Why Causality Is the Holy Grail of Agricultural Economics
In the tangled world of agricultural economics, understanding what truly causes what is like trying to find a needle in a haystack — except the haystack is made of data, and the needle is hidden behind layers of confounding factors, measurement errors, and reverse causality. Researchers want to know: does a policy increase crop yields? Does a price change reduce pollution? But unlike a lab experiment where you can control every variable, most agricultural data comes from the messy real world, where farmers, weather, markets, and policies all interact in complex ways.
A team of economists from the University of Copenhagen, Wageningen University, University of Bonn, and University of Hohenheim — led by Arne Henningsen and colleagues — have taken a deep dive into this challenge. Their 2025 paper lays out a thoughtful roadmap for how agricultural and applied economists can better estimate causal effects using observational data, which is data collected without controlled experiments. Their work is a guidebook for navigating the minefield of assumptions and pitfalls that come with trying to tease out cause and effect from the wild data of the real world.
The Mirage of Causality in Observational Data
Imagine you notice that farms using a new irrigation system tend to have higher yields. Is the irrigation system the cause? Or are wealthier farmers more likely to adopt it and also have better yields for other reasons? This is the classic problem of confounding variables — hidden factors that influence both the treatment (irrigation) and the outcome (yield).
Randomized controlled trials (RCTs) are the gold standard for causal inference because they randomly assign treatments, breaking these confounding links. But in agriculture, RCTs are often impossible or unethical — you can’t randomly assign tariffs or withhold food aid from needy regions just for the sake of an experiment.
So researchers turn to observational data, but this requires careful strategies to mimic the conditions of an experiment. The paper emphasizes that without transparent discussion and testing of the assumptions behind these strategies, causal claims can be misleading. In fact, previous studies have shown that common methods like ordinary least squares (OLS) regression or matching can overstate effects by up to 80% compared to experimental benchmarks.
Tools for Untangling Cause and Effect
The paper walks through several powerful econometric tools that help researchers get closer to causality:
Selection on Observables: This approach assumes that all confounding factors are observed and controlled for. Methods like OLS regression and propensity score matching fall here. But the assumption is strong and often unrealistic because some confounders remain hidden. The authors recommend using Directed Acyclic Graphs (DAGs) — visual maps of assumed causal relationships — to clarify which variables to control for and which to avoid, preventing the common mistake of controlling for variables that lie on the causal path itself.

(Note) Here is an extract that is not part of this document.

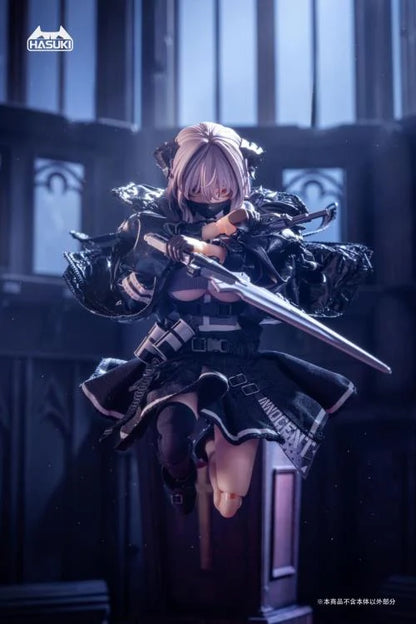 HASUKI Pocket Art Series Sister Friede (SP Ver.) 1/12 Scale Action Figure (With Bonus)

Instrumental Variables (IV): When unobserved confounders lurk, IV methods can help. An instrument is a variable that influences the treatment but affects the outcome only through that treatment. For example, rainfall variation might serve as an instrument for irrigation use if it affects irrigation but not yields directly. However, finding valid instruments is notoriously difficult, and weak or invalid instruments can make estimates worse than simpler methods. The paper stresses rigorous testing of instrument strength and validity, including theoretical justification and statistical tests.
Fixed Effects and Difference-in-Differences (DID): These methods exploit panel data — repeated observations over time — to control for unobserved factors that don’t change over time. DID compares changes over time between treated and untreated groups, assuming their trends would have been parallel without treatment. The paper highlights recent advances that address complications like staggered treatment timing and heterogeneous effects, which can otherwise bias results.

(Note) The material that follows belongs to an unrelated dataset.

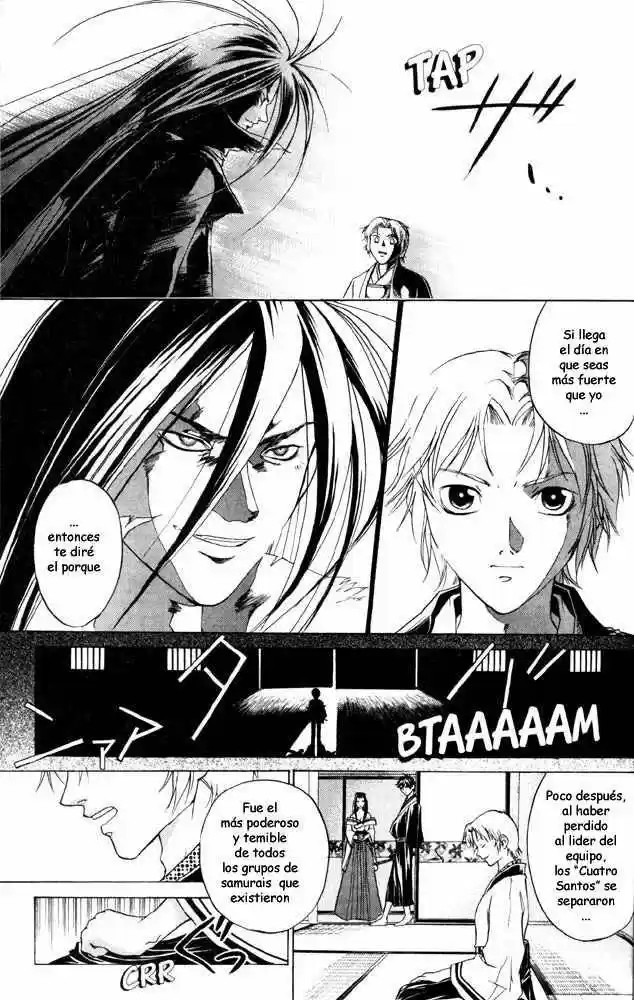 Samurai Deeper Kyo (1999) - Capítulo 39 - Página 5 - LectorTMOo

Synthetic Control Method: This innovative technique constructs a weighted combination of untreated units to create a “synthetic” control group that closely matches the treated unit before treatment. It’s especially useful for evaluating policies affecting a single region or country. The authors note its underuse in agricultural economics despite its potential.
Regression Discontinuity Designs (RDD): When treatment assignment hinges on a cutoff — say, farms below a certain size get a subsidy — RDD compares observations just above and below the threshold. This local comparison can reveal causal effects under certain assumptions. The paper also discusses Difference-in-Discontinuity designs that combine RDD with DID for even stronger inference.

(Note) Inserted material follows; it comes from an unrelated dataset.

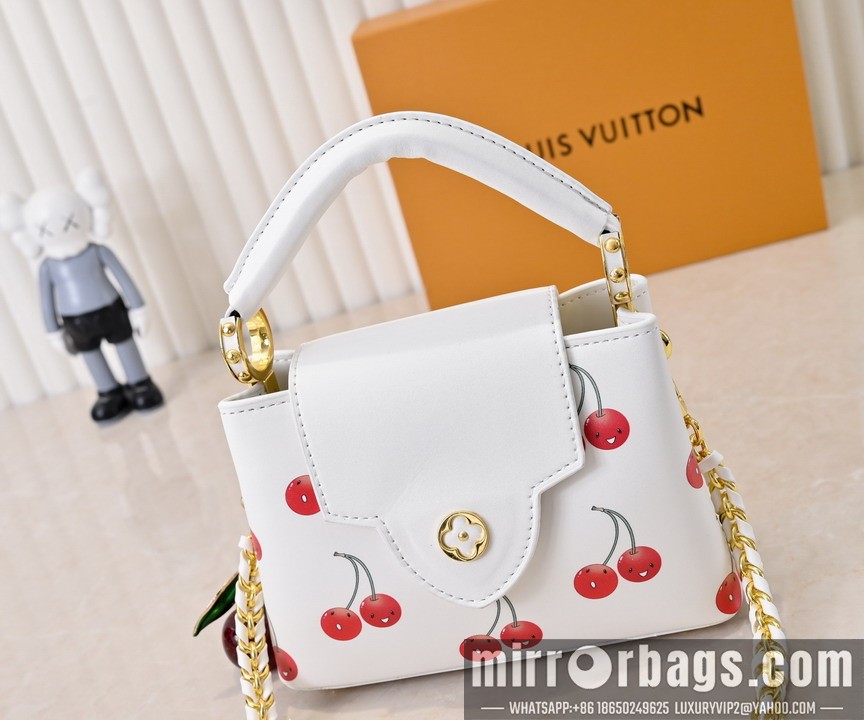 1:1 Replica Louis Vuitton Bags Cap M59939 21x14x8cm ss3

Why This Matters Beyond Academia
At first glance, these might seem like dry statistical tools, but their implications ripple far beyond academic journals. Agricultural policies influence food security, environmental sustainability, and rural livelihoods worldwide. Decisions based on shaky causal claims can lead to wasted resources, ineffective programs, or unintended harm.
The authors remind us that policymakers, NGOs, and agribusinesses rely on credible evidence to make choices that affect millions. For example, if a subsidy program is claimed to boost yields but the evidence is biased, funds might be misallocated, leaving farmers worse off. Conversely, robust causal evidence can guide smarter interventions that truly improve lives and ecosystems.
The Art of Causal Humility
One of the most refreshing aspects of the paper is its call for humility and transparency. The authors caution against casually using causal language without carefully justifying assumptions. Instead of saying “X causes Y,” it might be more honest to say “X is associated with Y, conditional on these assumptions.” This subtle shift acknowledges uncertainty and invites critical scrutiny.
They also advocate for using multiple methods and sensitivity analyses to triangulate findings. If different approaches with different assumptions converge on similar results, confidence grows. If not, it signals caution.
Machine Learning: A Double-Edged Sword
The paper touches on the growing role of machine learning in agricultural economics. While machine learning excels at prediction, it doesn’t automatically solve causal puzzles. Naively applying machine learning can even worsen bias by dropping important confounders. However, when integrated thoughtfully into causal frameworks — so-called “causal machine learning” — these tools can flexibly model complex relationships and uncover heterogeneous treatment effects.
Final Thoughts
Henningsen and colleagues have crafted a vital compass for navigating the tricky terrain of causal inference in agricultural economics. Their guidelines don’t promise easy answers — because there are none — but they do offer a path toward more credible, transparent, and useful research.
In a world where data is abundant but truth is elusive, their work reminds us that the journey from correlation to causation demands rigor, creativity, and above all, honesty about what we can and cannot claim. For anyone interested in how we understand and improve the systems that feed us, this paper is a must-read.